Maybe, they hoped, the 2018 midterms in California could produce a similar surprise.

“That’s what we are praying for,” said Peggy Brown, who runs a Christian drug rehabilitation program and who traveled to nine of Mr. Graham’s rallies in 2016. She teared up. “We saw a move of God with Christians. It gives me chills just to talk about it.”

An Evangelical Paul Revere

…As a youth, Mr. Graham, now 65, was the prodigal of the Graham family, a college dropout fond of alcohol. After he got ordained, he joined the family business, and as his father retreated to the mountains of North Carolina later in life, Franklin became the heir of his religious empire. Unlike Billy Graham, who was known for bridging political divides, Franklin has sought them out, especially when it comes the current president.

…“All of California is like a university town now,” he went on. Referring to the state’s leader, Jerry Brown, he said: “But you are beginning to see a groundswell of revolt out here. Orange County, San Diego County, are beginning to take on Governor Brown. It’s good for Christians to capitalize on that. So yah, we could help turn the tide.”
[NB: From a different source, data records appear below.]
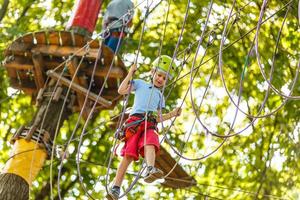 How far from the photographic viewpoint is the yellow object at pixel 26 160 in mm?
5598

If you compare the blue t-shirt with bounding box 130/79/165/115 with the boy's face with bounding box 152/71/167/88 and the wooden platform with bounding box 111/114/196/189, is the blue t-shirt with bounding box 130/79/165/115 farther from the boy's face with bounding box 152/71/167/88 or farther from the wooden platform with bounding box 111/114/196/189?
the wooden platform with bounding box 111/114/196/189

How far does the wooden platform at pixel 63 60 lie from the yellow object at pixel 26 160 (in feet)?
2.42

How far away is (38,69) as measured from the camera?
20.4 feet

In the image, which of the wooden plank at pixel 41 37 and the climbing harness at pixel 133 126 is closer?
the climbing harness at pixel 133 126

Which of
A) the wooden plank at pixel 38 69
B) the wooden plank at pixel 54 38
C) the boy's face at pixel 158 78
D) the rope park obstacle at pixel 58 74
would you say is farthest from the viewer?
the wooden plank at pixel 38 69

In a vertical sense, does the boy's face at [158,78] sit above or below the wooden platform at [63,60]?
below

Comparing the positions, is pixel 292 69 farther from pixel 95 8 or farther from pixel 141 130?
pixel 141 130

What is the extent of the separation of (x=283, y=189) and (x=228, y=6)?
2.78m

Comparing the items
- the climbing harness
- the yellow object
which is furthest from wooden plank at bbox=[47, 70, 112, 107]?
the climbing harness

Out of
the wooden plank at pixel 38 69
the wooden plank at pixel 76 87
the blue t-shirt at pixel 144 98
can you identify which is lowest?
the blue t-shirt at pixel 144 98

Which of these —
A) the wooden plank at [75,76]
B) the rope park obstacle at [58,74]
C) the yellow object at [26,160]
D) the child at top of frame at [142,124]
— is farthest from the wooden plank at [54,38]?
the child at top of frame at [142,124]

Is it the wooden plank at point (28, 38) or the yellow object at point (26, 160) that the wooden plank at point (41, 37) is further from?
the yellow object at point (26, 160)

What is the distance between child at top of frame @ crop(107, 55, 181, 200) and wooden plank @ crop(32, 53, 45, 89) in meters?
2.11

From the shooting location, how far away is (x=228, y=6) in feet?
27.6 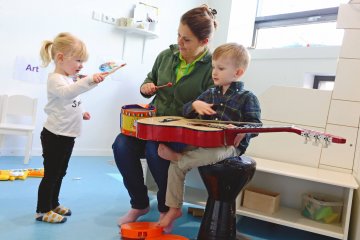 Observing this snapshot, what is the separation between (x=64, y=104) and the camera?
148cm

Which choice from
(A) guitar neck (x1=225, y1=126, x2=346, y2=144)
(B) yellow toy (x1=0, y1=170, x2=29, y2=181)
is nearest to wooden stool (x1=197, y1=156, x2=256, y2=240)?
(A) guitar neck (x1=225, y1=126, x2=346, y2=144)

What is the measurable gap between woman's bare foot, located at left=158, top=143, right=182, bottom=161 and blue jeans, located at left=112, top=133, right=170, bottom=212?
0.11 meters

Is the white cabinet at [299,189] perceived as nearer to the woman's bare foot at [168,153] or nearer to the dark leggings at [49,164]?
the woman's bare foot at [168,153]

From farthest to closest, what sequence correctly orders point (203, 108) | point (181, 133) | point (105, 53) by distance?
point (105, 53) < point (203, 108) < point (181, 133)

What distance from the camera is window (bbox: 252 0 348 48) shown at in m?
3.08

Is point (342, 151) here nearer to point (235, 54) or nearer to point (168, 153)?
point (235, 54)

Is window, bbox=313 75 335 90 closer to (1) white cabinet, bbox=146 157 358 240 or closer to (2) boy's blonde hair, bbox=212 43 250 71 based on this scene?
(1) white cabinet, bbox=146 157 358 240

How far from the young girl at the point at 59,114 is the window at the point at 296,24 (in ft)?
7.55

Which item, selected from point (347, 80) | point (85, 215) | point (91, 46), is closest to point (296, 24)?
point (347, 80)

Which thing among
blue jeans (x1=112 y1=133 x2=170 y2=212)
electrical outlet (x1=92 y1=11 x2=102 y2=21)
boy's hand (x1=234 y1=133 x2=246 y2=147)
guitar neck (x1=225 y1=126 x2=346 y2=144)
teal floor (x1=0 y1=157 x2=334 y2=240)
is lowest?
teal floor (x1=0 y1=157 x2=334 y2=240)

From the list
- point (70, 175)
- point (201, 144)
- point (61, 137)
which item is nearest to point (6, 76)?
Result: point (70, 175)

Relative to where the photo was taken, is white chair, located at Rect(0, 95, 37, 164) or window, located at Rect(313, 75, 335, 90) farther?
window, located at Rect(313, 75, 335, 90)

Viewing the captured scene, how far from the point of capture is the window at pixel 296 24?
121 inches

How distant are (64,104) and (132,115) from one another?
30 cm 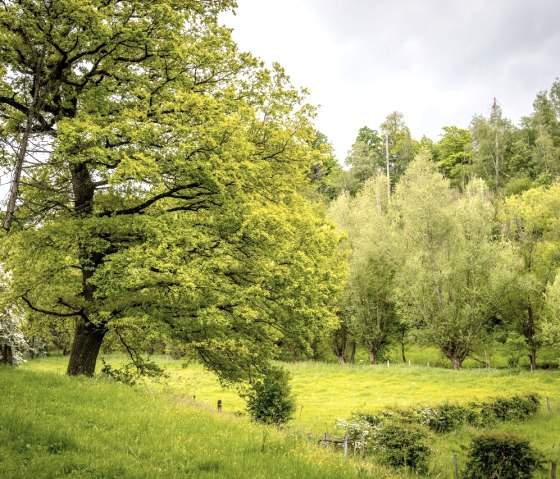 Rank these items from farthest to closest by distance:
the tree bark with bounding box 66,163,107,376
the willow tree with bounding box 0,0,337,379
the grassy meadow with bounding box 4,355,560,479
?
the tree bark with bounding box 66,163,107,376
the willow tree with bounding box 0,0,337,379
the grassy meadow with bounding box 4,355,560,479

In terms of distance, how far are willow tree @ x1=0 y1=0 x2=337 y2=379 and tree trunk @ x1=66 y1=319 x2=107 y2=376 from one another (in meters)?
0.05

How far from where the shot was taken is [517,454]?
1539 centimetres

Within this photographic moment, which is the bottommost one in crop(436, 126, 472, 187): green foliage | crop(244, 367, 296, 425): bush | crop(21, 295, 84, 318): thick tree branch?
crop(244, 367, 296, 425): bush

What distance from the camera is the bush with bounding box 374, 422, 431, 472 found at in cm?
1638

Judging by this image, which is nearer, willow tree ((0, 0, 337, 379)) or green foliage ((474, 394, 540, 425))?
willow tree ((0, 0, 337, 379))

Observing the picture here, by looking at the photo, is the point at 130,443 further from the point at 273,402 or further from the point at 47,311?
the point at 273,402

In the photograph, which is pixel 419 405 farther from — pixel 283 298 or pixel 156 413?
pixel 156 413

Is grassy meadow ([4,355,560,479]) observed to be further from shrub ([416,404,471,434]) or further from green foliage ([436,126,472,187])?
green foliage ([436,126,472,187])

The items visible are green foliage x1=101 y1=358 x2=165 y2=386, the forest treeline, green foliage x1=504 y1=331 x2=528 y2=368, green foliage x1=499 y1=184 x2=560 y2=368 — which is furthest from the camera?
green foliage x1=504 y1=331 x2=528 y2=368

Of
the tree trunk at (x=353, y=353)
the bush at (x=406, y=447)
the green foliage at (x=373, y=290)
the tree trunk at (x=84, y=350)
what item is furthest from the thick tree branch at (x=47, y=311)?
the tree trunk at (x=353, y=353)

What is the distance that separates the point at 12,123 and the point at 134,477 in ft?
38.3

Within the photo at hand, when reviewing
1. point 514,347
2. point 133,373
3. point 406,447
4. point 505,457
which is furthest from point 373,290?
point 133,373

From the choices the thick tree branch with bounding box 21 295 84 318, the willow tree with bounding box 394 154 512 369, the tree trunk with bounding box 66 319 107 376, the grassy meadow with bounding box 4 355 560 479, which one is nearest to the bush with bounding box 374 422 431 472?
the grassy meadow with bounding box 4 355 560 479

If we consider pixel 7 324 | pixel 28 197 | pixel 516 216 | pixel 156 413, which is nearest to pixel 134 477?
pixel 156 413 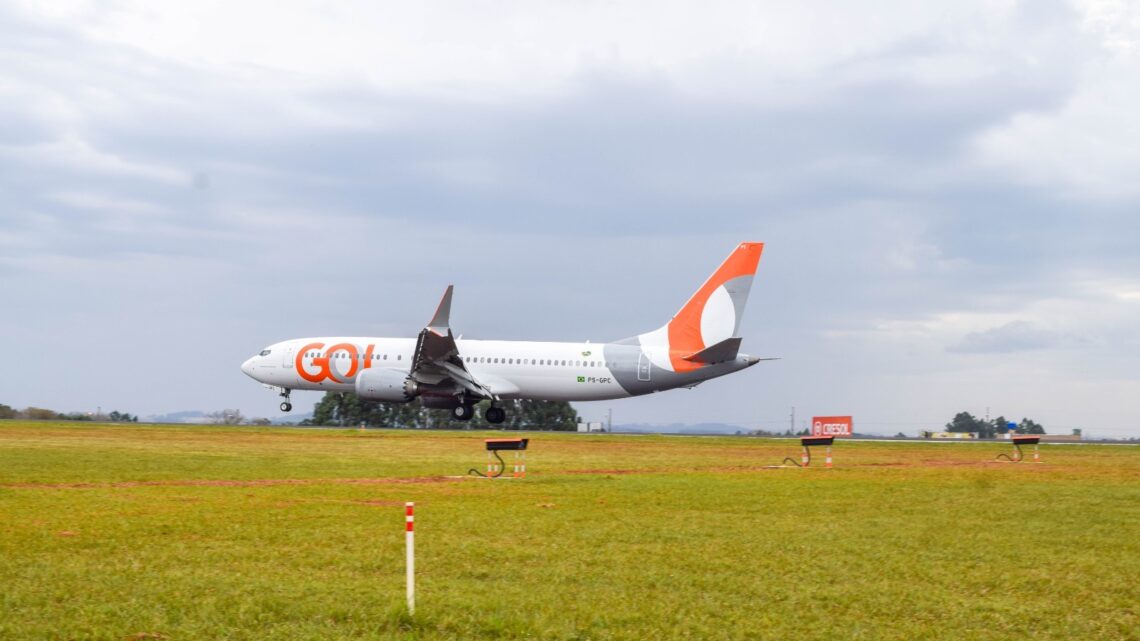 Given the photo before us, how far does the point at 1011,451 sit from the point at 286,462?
35090 millimetres

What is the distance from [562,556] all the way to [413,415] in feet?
255

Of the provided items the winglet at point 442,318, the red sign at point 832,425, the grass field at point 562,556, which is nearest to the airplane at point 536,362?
the winglet at point 442,318

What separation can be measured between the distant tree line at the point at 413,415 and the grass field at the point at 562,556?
5999cm

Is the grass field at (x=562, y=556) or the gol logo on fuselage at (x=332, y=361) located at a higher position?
the gol logo on fuselage at (x=332, y=361)

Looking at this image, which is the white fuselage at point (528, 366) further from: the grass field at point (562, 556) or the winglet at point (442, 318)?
the grass field at point (562, 556)

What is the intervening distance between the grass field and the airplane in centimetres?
2348

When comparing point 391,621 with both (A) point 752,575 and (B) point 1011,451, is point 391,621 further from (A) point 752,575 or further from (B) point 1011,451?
(B) point 1011,451

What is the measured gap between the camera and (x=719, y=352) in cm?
5253

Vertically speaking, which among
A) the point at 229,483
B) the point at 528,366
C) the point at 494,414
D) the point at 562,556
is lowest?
the point at 562,556

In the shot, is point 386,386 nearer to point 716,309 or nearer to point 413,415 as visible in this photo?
point 716,309

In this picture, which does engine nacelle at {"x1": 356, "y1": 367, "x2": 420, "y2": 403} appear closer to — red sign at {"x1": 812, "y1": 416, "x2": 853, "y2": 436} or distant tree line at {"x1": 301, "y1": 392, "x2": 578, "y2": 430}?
red sign at {"x1": 812, "y1": 416, "x2": 853, "y2": 436}

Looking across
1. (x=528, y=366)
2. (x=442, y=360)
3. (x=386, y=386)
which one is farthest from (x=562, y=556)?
(x=528, y=366)

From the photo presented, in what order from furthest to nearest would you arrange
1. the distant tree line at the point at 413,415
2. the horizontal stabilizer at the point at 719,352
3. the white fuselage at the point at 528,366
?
1. the distant tree line at the point at 413,415
2. the white fuselage at the point at 528,366
3. the horizontal stabilizer at the point at 719,352

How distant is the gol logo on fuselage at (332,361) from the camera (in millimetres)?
58281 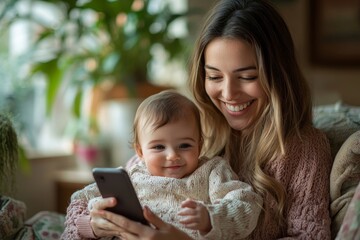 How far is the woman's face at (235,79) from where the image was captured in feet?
5.12

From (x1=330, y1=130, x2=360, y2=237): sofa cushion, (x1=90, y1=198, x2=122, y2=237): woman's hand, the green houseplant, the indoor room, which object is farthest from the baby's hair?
the green houseplant

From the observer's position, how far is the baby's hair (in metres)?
1.48

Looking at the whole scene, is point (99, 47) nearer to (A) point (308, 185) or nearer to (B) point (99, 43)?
(B) point (99, 43)

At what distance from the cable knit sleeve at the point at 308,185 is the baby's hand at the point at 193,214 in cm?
29

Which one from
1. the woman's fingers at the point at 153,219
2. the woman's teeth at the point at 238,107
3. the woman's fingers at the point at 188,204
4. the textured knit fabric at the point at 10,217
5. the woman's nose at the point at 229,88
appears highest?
the woman's nose at the point at 229,88

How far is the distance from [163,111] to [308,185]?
1.38 ft

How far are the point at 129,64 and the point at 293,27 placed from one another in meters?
1.61

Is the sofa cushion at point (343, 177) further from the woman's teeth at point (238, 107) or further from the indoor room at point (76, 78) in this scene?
the indoor room at point (76, 78)

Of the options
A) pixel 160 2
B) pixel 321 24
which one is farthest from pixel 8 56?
pixel 321 24

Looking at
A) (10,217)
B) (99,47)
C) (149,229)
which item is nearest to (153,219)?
(149,229)

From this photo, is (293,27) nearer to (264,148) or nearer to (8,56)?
(8,56)

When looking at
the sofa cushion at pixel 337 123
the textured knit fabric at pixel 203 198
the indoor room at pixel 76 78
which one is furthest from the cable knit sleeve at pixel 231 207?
the indoor room at pixel 76 78

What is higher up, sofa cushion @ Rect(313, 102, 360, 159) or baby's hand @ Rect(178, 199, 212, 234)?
sofa cushion @ Rect(313, 102, 360, 159)

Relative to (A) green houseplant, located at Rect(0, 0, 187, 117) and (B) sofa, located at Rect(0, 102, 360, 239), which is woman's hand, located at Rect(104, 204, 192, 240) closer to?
(B) sofa, located at Rect(0, 102, 360, 239) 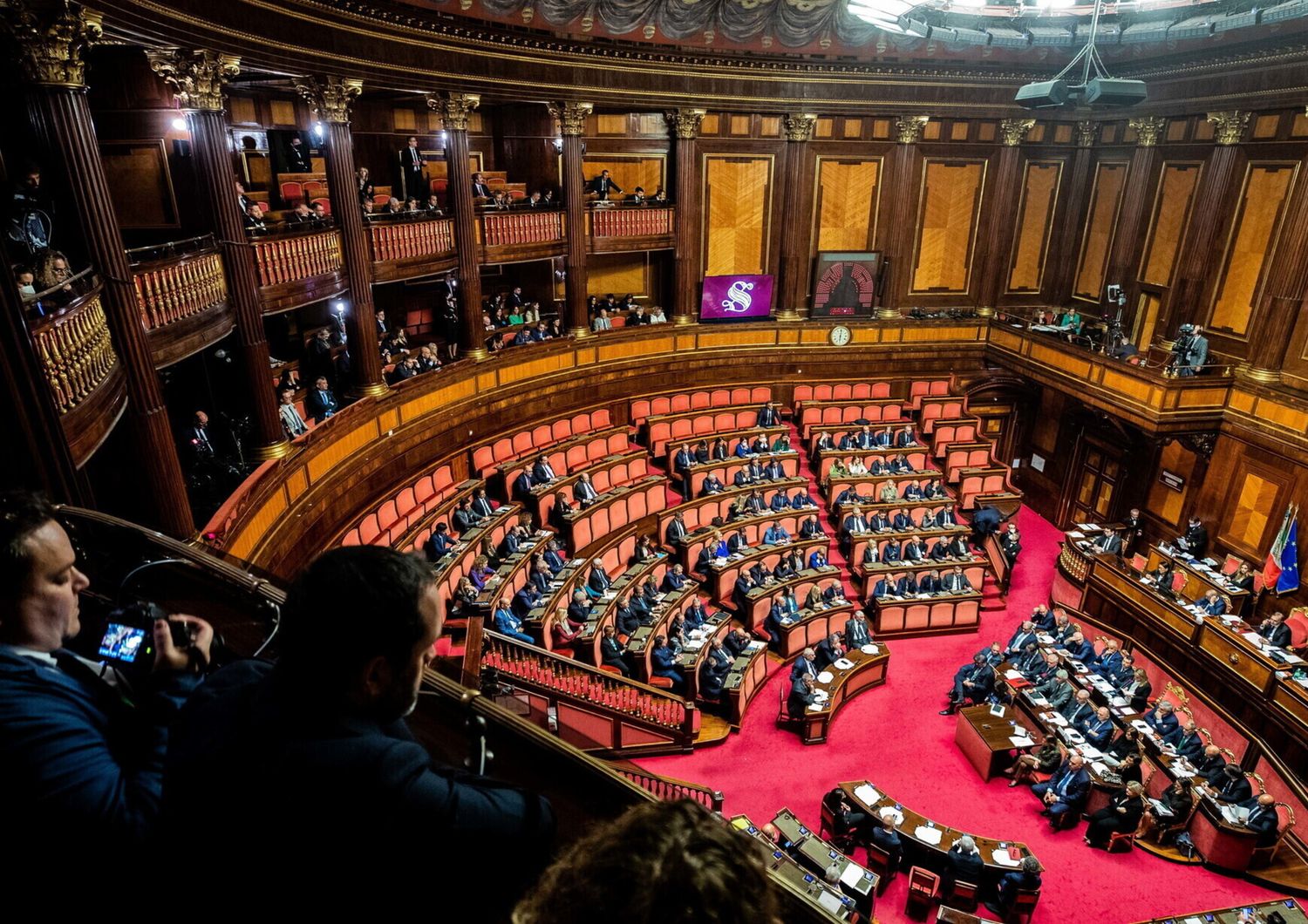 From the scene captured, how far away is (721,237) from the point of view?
16.1 m

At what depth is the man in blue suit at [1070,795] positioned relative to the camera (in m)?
8.33

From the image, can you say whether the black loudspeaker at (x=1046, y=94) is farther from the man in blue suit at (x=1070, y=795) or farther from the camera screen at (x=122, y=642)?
the camera screen at (x=122, y=642)

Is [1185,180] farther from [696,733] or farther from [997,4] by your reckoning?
[696,733]

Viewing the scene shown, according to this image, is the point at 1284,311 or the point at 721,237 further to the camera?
the point at 721,237

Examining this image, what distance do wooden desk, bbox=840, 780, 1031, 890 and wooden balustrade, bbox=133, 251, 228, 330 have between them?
7.86 meters

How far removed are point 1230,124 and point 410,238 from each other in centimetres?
1375

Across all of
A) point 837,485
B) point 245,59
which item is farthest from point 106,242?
point 837,485

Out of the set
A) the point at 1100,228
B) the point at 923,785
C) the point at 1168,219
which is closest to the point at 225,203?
the point at 923,785

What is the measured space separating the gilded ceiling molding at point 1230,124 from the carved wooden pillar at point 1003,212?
378 cm

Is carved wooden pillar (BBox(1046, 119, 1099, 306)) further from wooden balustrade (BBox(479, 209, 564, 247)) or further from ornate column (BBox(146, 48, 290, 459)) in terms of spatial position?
ornate column (BBox(146, 48, 290, 459))

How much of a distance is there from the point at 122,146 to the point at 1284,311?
54.3ft

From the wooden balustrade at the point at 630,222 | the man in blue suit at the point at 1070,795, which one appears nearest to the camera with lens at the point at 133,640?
the man in blue suit at the point at 1070,795

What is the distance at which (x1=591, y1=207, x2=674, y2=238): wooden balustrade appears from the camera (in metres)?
14.3

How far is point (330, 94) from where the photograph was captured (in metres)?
8.92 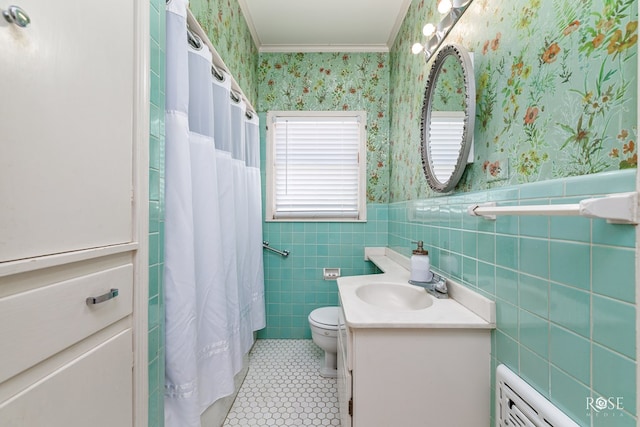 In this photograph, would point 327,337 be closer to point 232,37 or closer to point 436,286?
point 436,286

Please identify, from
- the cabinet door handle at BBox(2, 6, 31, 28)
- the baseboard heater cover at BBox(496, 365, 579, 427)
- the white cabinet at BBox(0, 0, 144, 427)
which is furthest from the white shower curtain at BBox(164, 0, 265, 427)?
the baseboard heater cover at BBox(496, 365, 579, 427)

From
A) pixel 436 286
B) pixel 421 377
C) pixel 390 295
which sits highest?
pixel 436 286

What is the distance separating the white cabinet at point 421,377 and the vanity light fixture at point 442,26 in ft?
4.31

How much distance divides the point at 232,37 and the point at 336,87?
95cm

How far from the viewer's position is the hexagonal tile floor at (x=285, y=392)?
1424 mm

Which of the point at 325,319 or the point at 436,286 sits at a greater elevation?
the point at 436,286

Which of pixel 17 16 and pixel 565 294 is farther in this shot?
pixel 565 294

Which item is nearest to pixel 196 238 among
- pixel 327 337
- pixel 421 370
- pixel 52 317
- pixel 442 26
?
pixel 52 317

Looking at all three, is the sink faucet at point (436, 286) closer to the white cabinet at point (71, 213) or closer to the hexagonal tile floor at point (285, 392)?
the hexagonal tile floor at point (285, 392)

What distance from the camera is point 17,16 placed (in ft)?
1.43

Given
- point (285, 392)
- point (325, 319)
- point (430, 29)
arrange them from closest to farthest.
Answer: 1. point (430, 29)
2. point (285, 392)
3. point (325, 319)

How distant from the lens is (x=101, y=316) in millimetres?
628

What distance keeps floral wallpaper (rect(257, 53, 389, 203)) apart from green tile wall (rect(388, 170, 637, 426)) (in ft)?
4.76

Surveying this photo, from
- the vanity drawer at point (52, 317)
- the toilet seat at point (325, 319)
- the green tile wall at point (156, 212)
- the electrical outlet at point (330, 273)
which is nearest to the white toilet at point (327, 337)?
the toilet seat at point (325, 319) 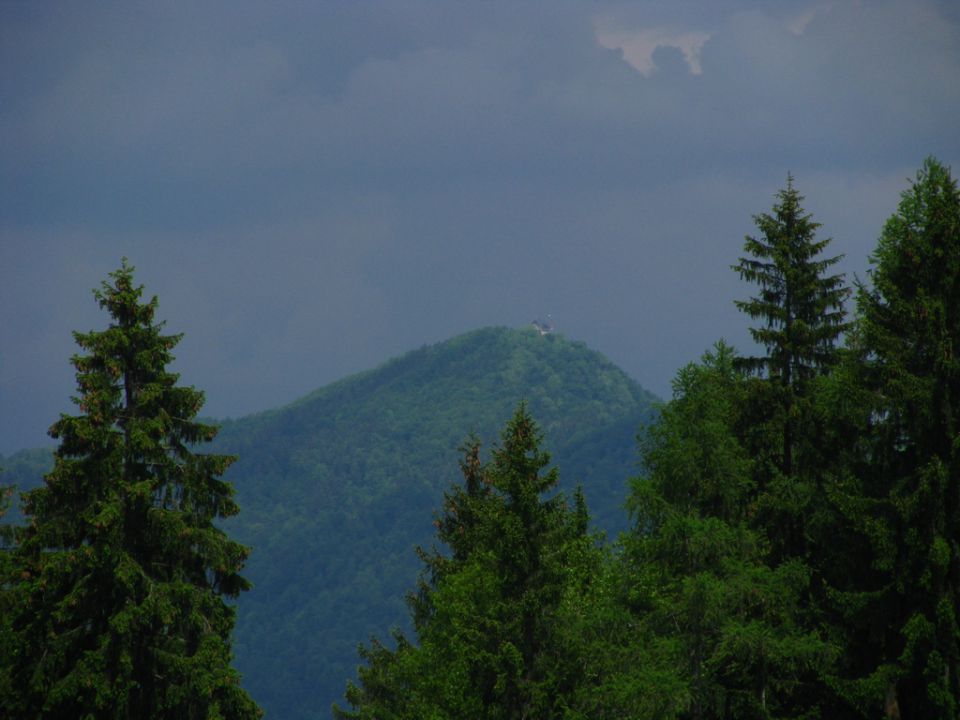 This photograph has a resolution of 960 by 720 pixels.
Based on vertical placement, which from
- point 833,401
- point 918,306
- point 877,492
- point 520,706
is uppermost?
point 918,306

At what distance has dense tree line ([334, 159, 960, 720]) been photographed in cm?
2352

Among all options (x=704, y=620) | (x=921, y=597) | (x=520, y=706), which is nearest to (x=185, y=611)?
(x=520, y=706)

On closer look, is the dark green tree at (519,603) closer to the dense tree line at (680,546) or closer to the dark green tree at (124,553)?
the dense tree line at (680,546)

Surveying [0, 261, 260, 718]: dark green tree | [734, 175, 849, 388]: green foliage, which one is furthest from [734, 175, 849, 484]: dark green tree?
[0, 261, 260, 718]: dark green tree

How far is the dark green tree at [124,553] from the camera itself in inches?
1045

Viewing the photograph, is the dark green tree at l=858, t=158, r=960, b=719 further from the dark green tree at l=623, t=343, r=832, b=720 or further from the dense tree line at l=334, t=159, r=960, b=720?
the dark green tree at l=623, t=343, r=832, b=720

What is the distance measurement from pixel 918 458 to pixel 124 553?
15981mm

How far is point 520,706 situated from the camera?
27.0m

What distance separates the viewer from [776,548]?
28328 mm

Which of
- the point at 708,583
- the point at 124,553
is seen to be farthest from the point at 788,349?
the point at 124,553

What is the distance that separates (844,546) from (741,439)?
4.69 meters

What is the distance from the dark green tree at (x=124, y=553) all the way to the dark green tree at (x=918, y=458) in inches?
531

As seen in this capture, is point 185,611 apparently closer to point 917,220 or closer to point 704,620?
point 704,620

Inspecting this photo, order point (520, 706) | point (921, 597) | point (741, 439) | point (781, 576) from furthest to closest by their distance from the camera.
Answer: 1. point (741, 439)
2. point (520, 706)
3. point (781, 576)
4. point (921, 597) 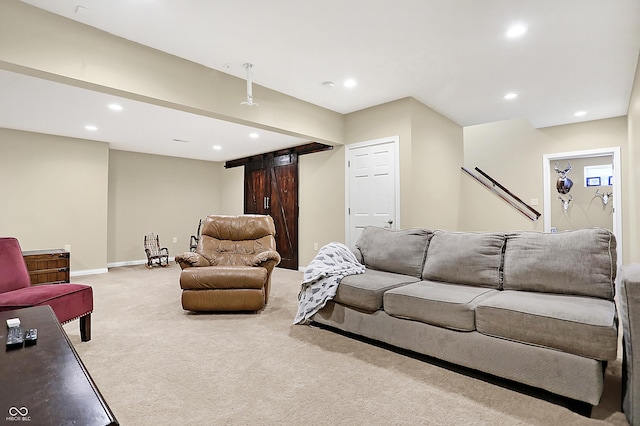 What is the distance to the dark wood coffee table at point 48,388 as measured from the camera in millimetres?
974

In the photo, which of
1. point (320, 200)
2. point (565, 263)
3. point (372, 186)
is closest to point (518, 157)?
point (372, 186)

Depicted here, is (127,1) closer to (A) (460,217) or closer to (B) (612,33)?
(B) (612,33)

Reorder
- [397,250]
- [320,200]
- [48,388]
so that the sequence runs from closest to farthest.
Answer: [48,388], [397,250], [320,200]

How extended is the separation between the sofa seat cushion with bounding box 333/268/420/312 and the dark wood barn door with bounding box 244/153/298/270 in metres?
3.61

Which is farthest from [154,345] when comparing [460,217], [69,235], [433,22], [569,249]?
[460,217]

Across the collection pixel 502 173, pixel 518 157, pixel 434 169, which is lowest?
pixel 434 169

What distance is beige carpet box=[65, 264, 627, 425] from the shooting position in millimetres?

In California, one clear goal is to change the makeup of school boards. “Can you imagine if your school boards were controlled by evangelical Christians?” he asked the pastors in Pasadena, a not so subtle reference to conservative religious protests of California’s new sex education curriculum, which includes lessons on LGBTQ sexuality…

And school boards are just the start. He wants Christians to run for city council, for mayor, and every level of government. The Billy Graham Evangelistic Association, which reclassified its tax-exempt status in 2015 from a religious nonprofit to an association of churches, has devoted some three-quarters of a million dollars for each California rally.

Later this summer, Mr. Graham will host rallies in two more blue states, Oregon and Washington. And as part of a strategic plan that will run through 2020, he has planned a similar tour next year up the country’s other prominent blue wall, the northeast.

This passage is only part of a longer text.